SQL QUERY replace NULL value in a row with a value from the previous known value

Question

I have 2 columns

date   number       
----   ------
1      3           
2      NULL        
3      5           
4      NULL        
5      NULL        
6      2          
.......

I need to replace the NULL values with new values takes on the value from the last known value in the previous date in the date column eg: date=2 number = 3, date 4 and 5 number = 5 and 5. The NULL values appear randomly.

Can you please identify the brand of SQL database you're using, e.g. MySQL, Oracle, SQL-Server, and edit your question to add that tag? — Bill Karwin
– Bill Karwin, Commented Aug 28, 2009 at 4:51
Do you mean the date in a previous row, or the previous date (day -1)? Perhaps give an example of the data that you have in the columns and an example of the output that you desire. — Degan
– Degan, Commented Aug 28, 2009 at 4:56
@Bill, he may want a generic solution.
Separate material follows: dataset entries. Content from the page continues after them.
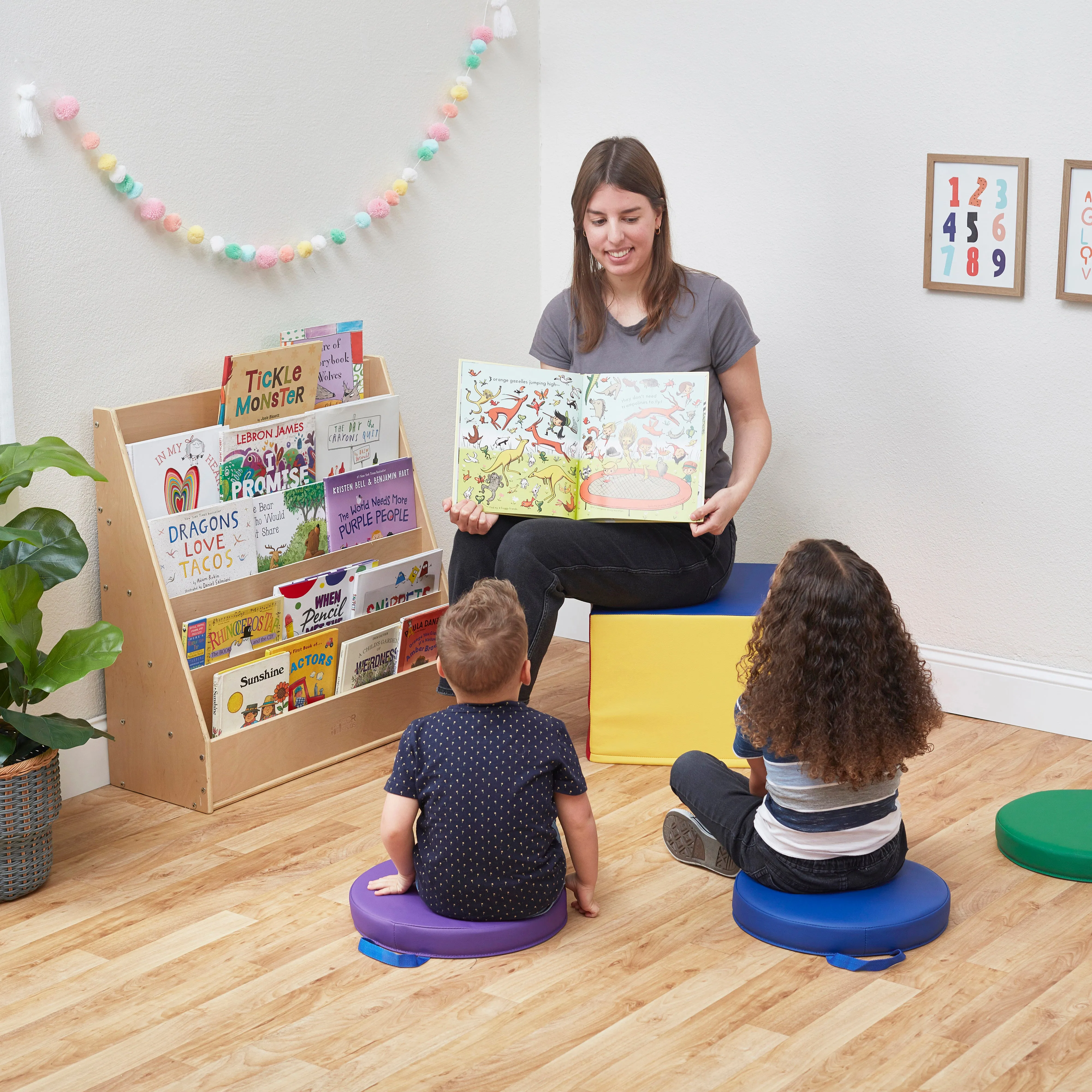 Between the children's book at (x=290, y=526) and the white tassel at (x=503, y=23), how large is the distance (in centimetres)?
123

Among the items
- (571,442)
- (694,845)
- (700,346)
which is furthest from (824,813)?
(700,346)

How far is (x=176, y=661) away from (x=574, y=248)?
3.98 ft

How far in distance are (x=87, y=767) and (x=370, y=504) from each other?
2.58 feet

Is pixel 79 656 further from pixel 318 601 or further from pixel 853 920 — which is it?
pixel 853 920

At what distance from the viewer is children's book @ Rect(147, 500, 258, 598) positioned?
2539 mm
Some of us actually like the ability to switch easily between DBMS' when they become a PITA :-) Still, it's very hard (maybe impossible) to do this in standard SQL, @mike, so if you have a specific DBMS in mind, by all means let us know. — paxdiablo
– paxdiablo, Commented Aug 28, 2009 at 5:11
@Pax: I agree with the goal of a portable solution, but there are also benefits to using the most clear and efficient vendor-specific solution. — Bill Karwin
– Bill Karwin, Commented Aug 28, 2009 at 5:56
@paxdiablo All problems in computer science can be solved by another level of indirection. In this case, I think a triple self-join should work... if you really want, I could try to code it up. — Neil
– Neil, Commented May 9, 2012 at 21:15

Adriaan Stander · Accepted Answer · 2009-08-28 05:02:52Z

29

If you are using Sql Server this should work

DECLARE @Table TABLE(
        ID INT,
        Val INT
)

INSERT INTO @Table (ID,Val) SELECT 1, 3
INSERT INTO @Table (ID,Val) SELECT 2, NULL
INSERT INTO @Table (ID,Val) SELECT 3, 5
INSERT INTO @Table (ID,Val) SELECT 4, NULL
INSERT INTO @Table (ID,Val) SELECT 5, NULL
INSERT INTO @Table (ID,Val) SELECT 6, 2


SELECT  *,
        ISNULL(Val, (SELECT TOP 1 Val FROM @Table WHERE ID < t.ID AND Val IS NOT NULL ORDER BY ID DESC))
FROM    @Table t

answered Aug 28, 2009 at 5:02

Adriaan Stander

167k32 gold badges294 silver badges288 bronze badges

Sign up to request clarification or add additional context in comments.

1 Comment

Shraddha Over a year ago

Hi.. @Adriaan - how would it work when I have some values at week x dept level and I want to replace NULLs with last known value for a dept? So to this example, adding a 3rd dimension say ID,ID1,Val. Any pointers will be very much appreciated! thank you

Bill Karwin · Accepted Answer · 2009-08-28 06:46:33Z

24

Here's a MySQL solution:

UPDATE mytable
SET number = (@n := COALESCE(number, @n))
ORDER BY date;

This is concise, but won't necessary work in other brands of RDBMS. For other brands, there might be a brand-specific solution that is more relevant. That's why it's important to tell us the brand you're using.

It's nice to be vendor-independent, as @Pax commented, but failing that, it's also nice to use your chosen brand of database to its fullest advantage.

Explanation of the above query:

@n is a MySQL user variable. It starts out NULL, and is assigned a value on each row as the UPDATE runs through rows. Where number is non-NULL, @n is assigned the value of number. Where number is NULL, the COALESCE() defaults to the previous value of @n. In either case, this becomes the new value of the number column and the UPDATE proceeds to the next row. The @n variable retains its value from row to row, so subsequent rows get values that come from the prior row(s). The order of the UPDATE is predictable, because of MySQL's special use of ORDER BY with UPDATE (this is not standard SQL).

edited Aug 28, 2009 at 6:46

answered Aug 28, 2009 at 6:01

Bill Karwin

567k87 gold badges709 silver badges869 bronze badges

1 Comment

OMG Ponies Over a year ago

COALESCE is supported on SQL Server (2000?), and Oracle 9i+, but I don't get what the @n is doing.

voutmaster · Accepted Answer · 2010-10-06 20:27:16Z

14

The best solution is the one offered by Bill Karwin. I recently had to solve this in a relatively large resultset (1000 rows with 12 columns each needing this type of "show me last non-null value if this value is null on the current row") and using the update method with a top 1 select for the previous known value (or subquery with a top 1 ) ran super slow.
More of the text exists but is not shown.